# Activity:
Transcribe, exactly and without pictures, the lines below from the line with "Hexadecimal Explained: 0" to the line with "moglix.com AOW Handlebar", both ends included, and no others.

Extracted entries below:

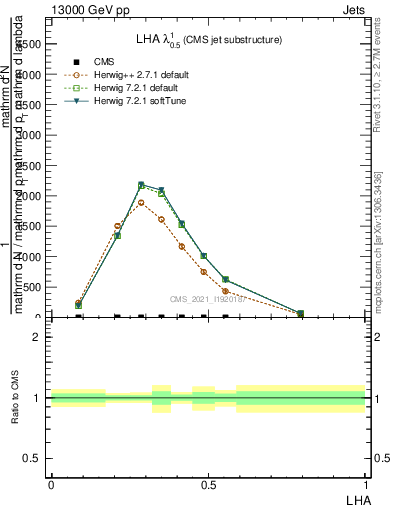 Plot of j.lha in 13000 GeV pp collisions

End of Extracted entries.
Extracted entries below:

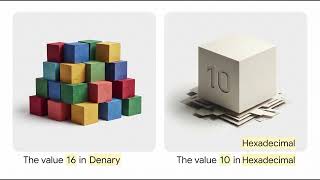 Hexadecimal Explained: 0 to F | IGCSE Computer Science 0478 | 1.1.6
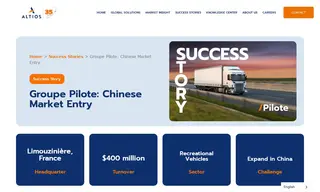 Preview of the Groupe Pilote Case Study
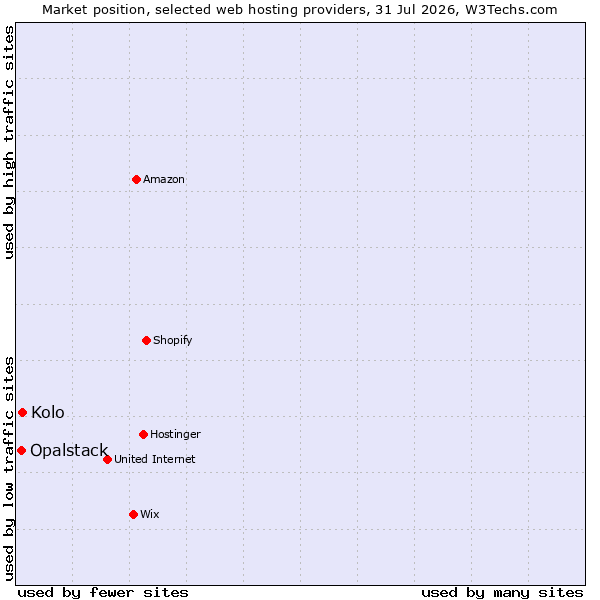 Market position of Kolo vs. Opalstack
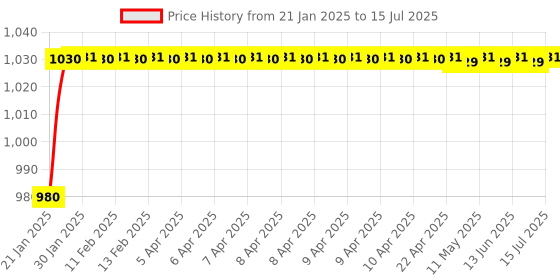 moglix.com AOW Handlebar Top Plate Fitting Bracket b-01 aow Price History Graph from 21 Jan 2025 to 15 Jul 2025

End of Extracted entries.

# Result below:
 Hexadecimal Explained: 0 to F | IGCSE Computer Science 0478 | 1.1.6
 Preview of the Groupe Pilote Case Study
 Market position of Kolo vs. Opalstack
 moglix.com AOW Handlebar Top Plate Fitting Bracket b-01 aow Price History Graph from 21 Jan 2025 to 15 Jul 2025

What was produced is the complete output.